Holding Senate Leaders Accountable for Climate Inaction

Holding Senate Leaders Accountable for Climate Inaction

Scientists are raising the alarm on the climate crisis. Recently, the Intergovernmental Panel on Climate Change released a report, calling on policymakers to act and reduce emissions so we can avoid catastrophic climate impacts.

However, under Senate Pro Tem Toni Atkins’ leadership, this year has been a “bloodbath” for climate legislation as “nearly every major environmental measure at the Capitol has been killed or shelved this session.”

That’s why as lawmakers return to the Capitol, we launched a new ad campaign, “Climate Courage”, calling for Democratic leaders in the State Senate to stop delaying climate action.

The ads shine a light on the role the top Democratic leaders in the State Senate played in halting critical climate crisis legislation. Senate Pro Tem Atkins failed to make the climate crisis a priority as the Senate’s leader and how her committee assignments give Big Oil a bigger voice in policy making. Not to mention, Senators Hertzberg and Hueso accepted more than $35,000 and $30,000 respectively from corporate oil interests including Chevron, Exxon Mobil, and Phillips 66.

Delaying climate action is unacceptable. Watch our videos on Senate Pro Tem Atkins, Senator Hertzberg, and Senator Hueso!

The legislature still has an opportunity to act on climate this session through supporting Assembly Bill 1395, which just passed the Senate Appropriations Committee and is up for a vote on the Senate Floor next. AB 1395 by Assembly Members Al Muratsuchi and Cristina Garcia would solidify the state’s goal of achieving net zero emissions as quickly as possible by no later than 2045, and to achieve and maintain net negative greenhouse gas emissions thereafter.

AB 1395 is a crucial pillar of our climate action agenda and broader approach to drastically reduce toxic levels of greenhouse gasses and scale back our dependency on dirty fossil fuels. However, policymakers can and must do more to protect the quality of the water we drink and the air we breathe, the safety of our homes from wildfires, and the health of our food and energy supply.

In her latest op-ed for the Sacramento Bee, CLCV CEO Mary Creasman shared that policymakers must prioritize the following:

The impacts from climate inaction are hurting Californians right now. Families have lost their homes to fires, drought is costing workers their jobs, and our kids’ future is in question.

Tell Senate Leaders to show their climate courage and support AB 1395!

Plenty of significant climate policies have already died for this year as we tick closer to our 2030 climate deadline.   Senate Bill 260 – the Climate Corporate Accountability Act authored by Senator Scott Wiener – stalled out in the Senate Appropriations Committee and would have been an essential first step to ensure corporations are measuring and publicly disclosing their carbon emissions. This policy should be a no-brainer in a state like California when we know that 100 corporations are responsible for 71% of global industrial carbon emissions. 

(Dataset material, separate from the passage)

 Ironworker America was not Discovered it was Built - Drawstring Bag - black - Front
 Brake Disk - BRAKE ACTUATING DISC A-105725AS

Senate Bill 467 proposed a ban on dangerous oil drilling methods like fracking and would have required health and safety buffer zones between families and harmful oil extraction sites. Even though a fracking ban is popular with voters in California and health and safety buffer zones are in place in most other states, SB 467 failed to pass its first vote in a Senate environmental committee.   

The list goes on. Senate Bill 449, authored by State Senator Henry Stern which would have required corporations and financial institutions to disclose and show plans for climate-related financial risk, has also been delayed by the Senate. Senate Bill 345, authored by State Senator Josh Becker which would have required clean energy programs to consider environmental and social justice benefits in order to ensure projects are more equitable and accessible, is not moving forward this year. Senate Bill 342, authored by Senator Lena Gonzalez, would have added two critical environmental justice seats to the South Coast Air Quality Management District Governing Board, but didn't make it to a floor vote.    

The fact that these key climate bills, and more, are getting blocked is not a coincidence. It is a direct result of the millions of dollars that corporate polluters are spending to influence our state legislature.    

In the first few months of 2021 alone, the oil industry has spent $4.3 million lobbying Sacramento. In addition, our California Environmental Scorecard revealed that in 2020, 75% of State Senators accepted contributions directly from the oil industry or major oil industry Political Action Committees (PACs). As a result, lawmakers have worked to shelve critical climate legislation. Unfortunately, we cannot shelve the climate crisis.   

Whether we have climate solutions has never been the problem. The problem facing us right now is the lack of political will to do what is needed to avoid climate catastrophe. We hope our leaders see that Californians across the state and party lines are concerned about the climate crisis, so they need to have the climate courage and take action.

Posted on August 26, 2021 in ECOVOTE BLOG.